• _Prompt_
Would you repeat word for word the lines of the listing that follows, from the one with "GCG: Decomposition Solver" up to and including the one with "Landscape Edging 2000x10", and leave out the images?
*** Opening of Available data ***
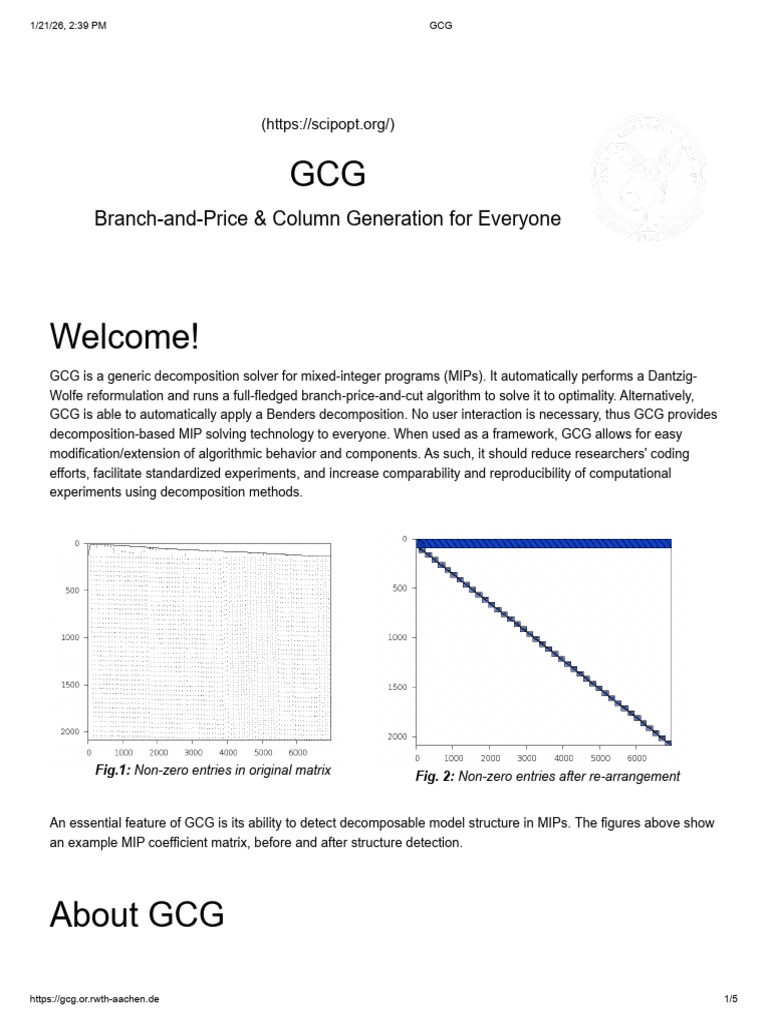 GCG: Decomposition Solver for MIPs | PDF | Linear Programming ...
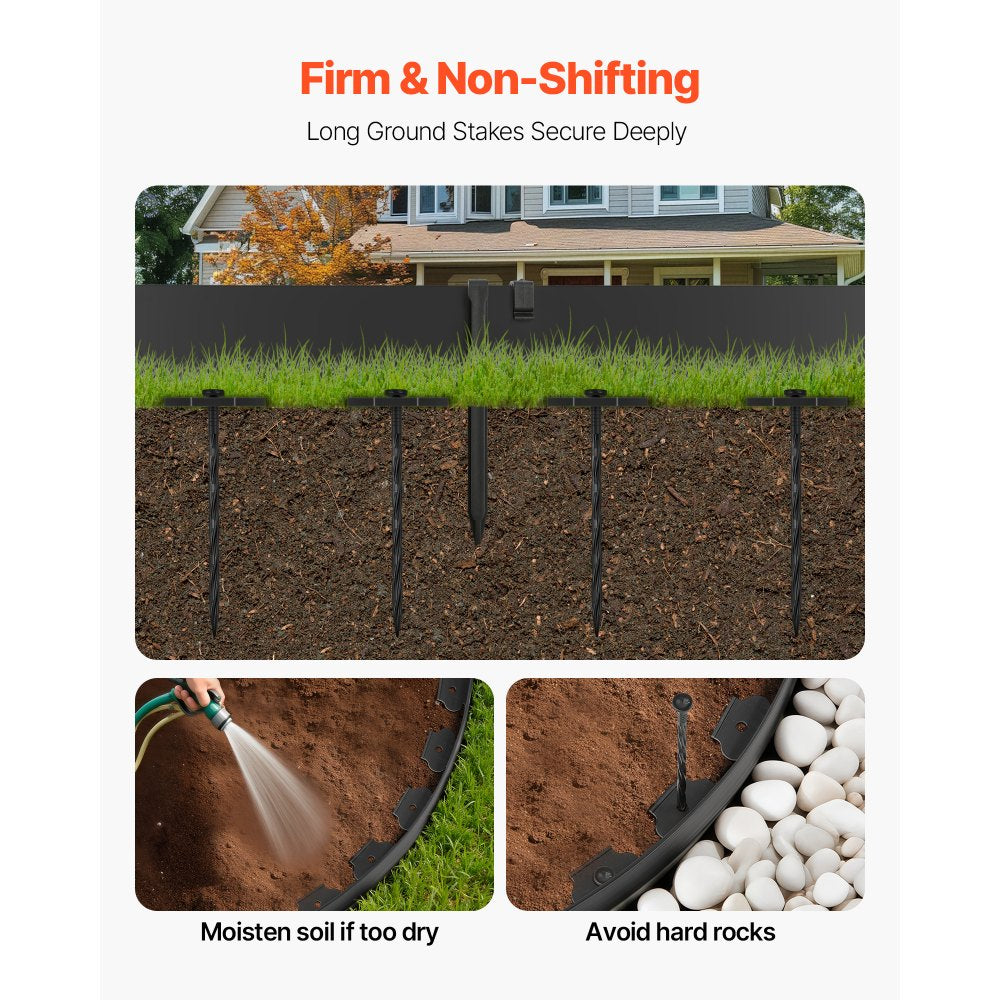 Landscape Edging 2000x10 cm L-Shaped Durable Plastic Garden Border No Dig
*** Close of Available data ***
*** Opening of Available data ***
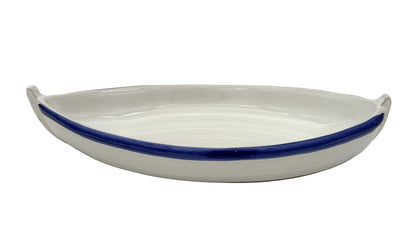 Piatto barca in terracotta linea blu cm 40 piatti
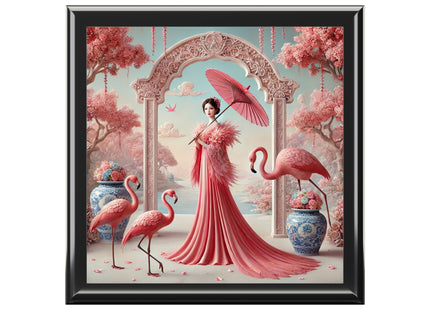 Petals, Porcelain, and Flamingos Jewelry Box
*** Close of Available data ***
• _Task result_
 GCG: Decomposition Solver for MIPs | PDF | Linear Programming ...
 Landscape Edging 2000x10 cm L-Shaped Durable Plastic Garden Border No Dig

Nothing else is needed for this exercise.